Мать покачала головой:
– Не факт.
– Что не факт?
– Что выгнали. Тебе об этом сказали?
– Нет.
– Пока не скажут – не факт.
Я усмехнулся.
– По их меркам, ослушаться приказа – это преступление. Факт!
– Это ерунда, – парировала она. – И ты не один из них, чтобы относиться к тебе согласно принятым внутри их заведения критериям. Вот увидишь, они с тобой свяжутся.
У мамы непрошибаемый вид. Она настолько уверена в своих словах, что я… А что, собственно, я?
Меня бросило в жар. Во мне эта мысль вызвала приступ надежды. Надежды, о существовании которой я не догадывался, потому что похоронил идею корпуса вместе с ударами Катарины.
– Я не хочу туда возвращаться! – закричал я, но кричал, конечно, на себя, а не на маму. – Хватит! Сыт по горло этими властными сучками!
Мама меланхолично пожала плечами, дескать, ты еще убедишься в моей правоте, и вернулась к процессу поглощения пищи.
– Ты ведь думаешь, что я вернусь, да? – не выдержал я ее показного безразличия.
Она кивнула.
– Почему?
– А куда тебе идти? Ты сам загнал себя в угол. И со школой, и со своей Бэль. Так нельзя, сынок! Надо всегда оставлять себе свободу для маневра! Ты взорвал все мосты, отрекся от прежней жизни в поисках апгрейда.
И теперь вернешься туда, поскольку больше никуда идти не захочешь. Они позвонят тебе, можешь не сомневаться. И сообщат, что «простили» и тот эпизод не подпадает под их устав.

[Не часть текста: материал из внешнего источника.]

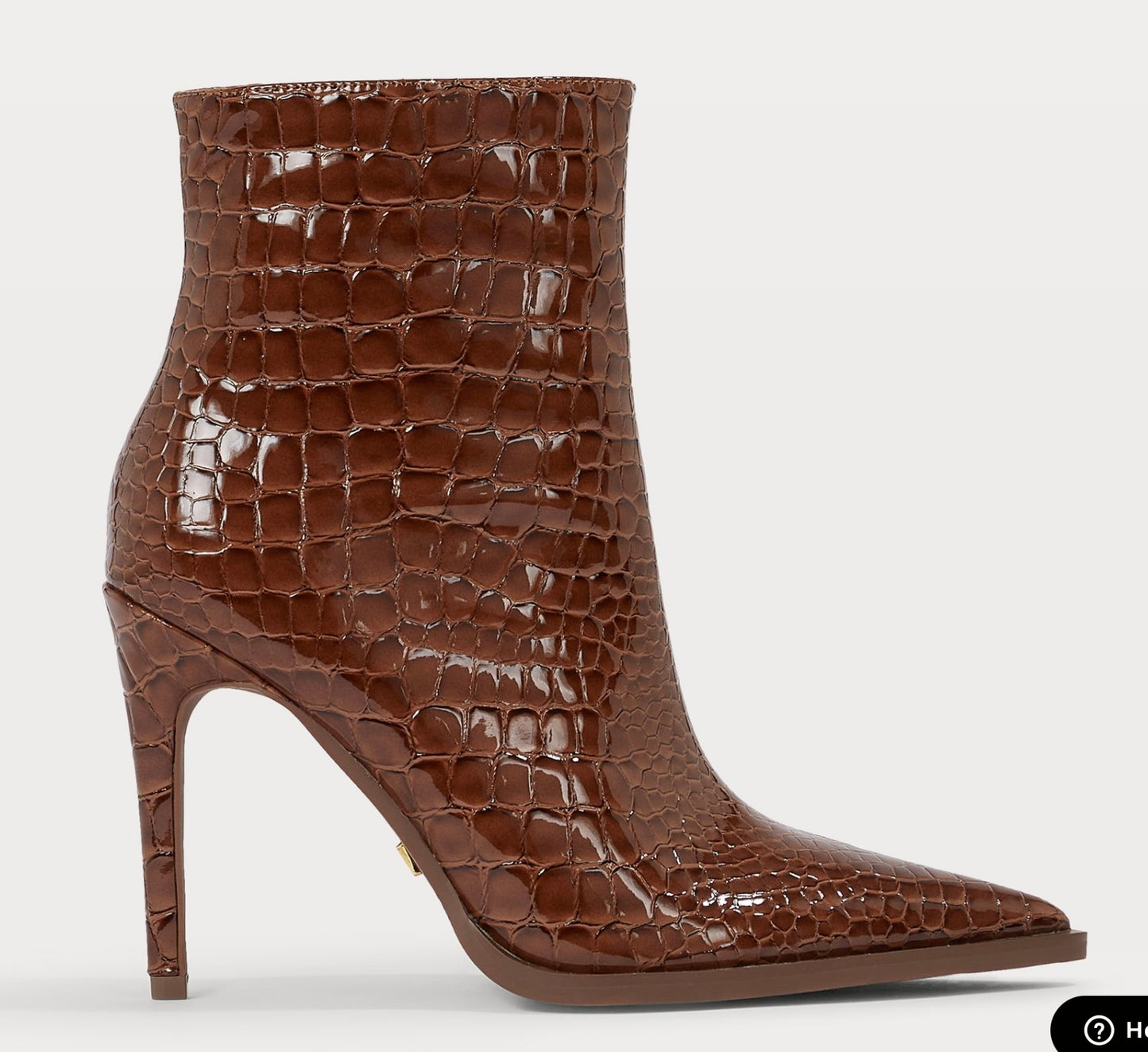 Botillons JIELLE - motif croco Mocha Brown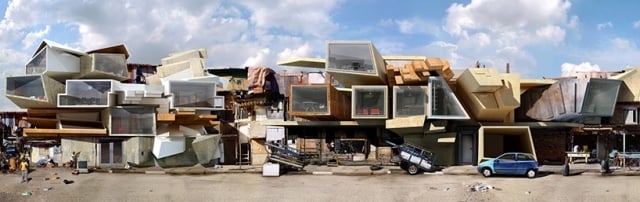 ديونيسيو غونزاليس العالم المثالي للهندسة المعمارية ، منازل مكدسة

Мой желудок свело от ее пламенной речи. Ибо все в ней правильно.
– Ты ведь хочешь туда, как бы себе сейчас ни врал. Ты уже все для себя решил еще тогда, две недели назад, когда тебя привезли первый раз, побитого, но довольного. А теперь всего лишь пытаешься смириться с этим, убедить себя, что имеешь выбор, можешь отказаться. Так?
Я вздохнул и опустил голову.
– Ты уже там с головой. Я больше скажу, ты никогда не был таким, как в эти дни: собранным, целеустремленным, жизнерадостным. Ни в старой школе, ни в новой. У тебя все эти дни глаза были… Горели они у тебя! Ты возвращался усталый и избитый, но счастливый, сынок! Как тогда, во время соревнований, когда проходил в следующий круг. Или готовился к свиданию с той девушкой, аристократкой. Это трудно описать, но я мать, я видела все это со стороны, и мне соврать у тебя не получится.
«Да я и не пытаюсь!» – хотел сказать я, но лишь глубоко и задумчиво вздохнул.
– Это неизбежно, ты вернешься. Когда они позовут.
Опешивший от такой тирады, я хрипло выдавил:
– Не позовут.
Но сам уже не был уверен в этом.
Мама мило, по-взрослому, усмехнулась.
– Позовут.
– Почему ты так думаешь?
– Скажи, сколько лет этой, как ее, донье Тьерри?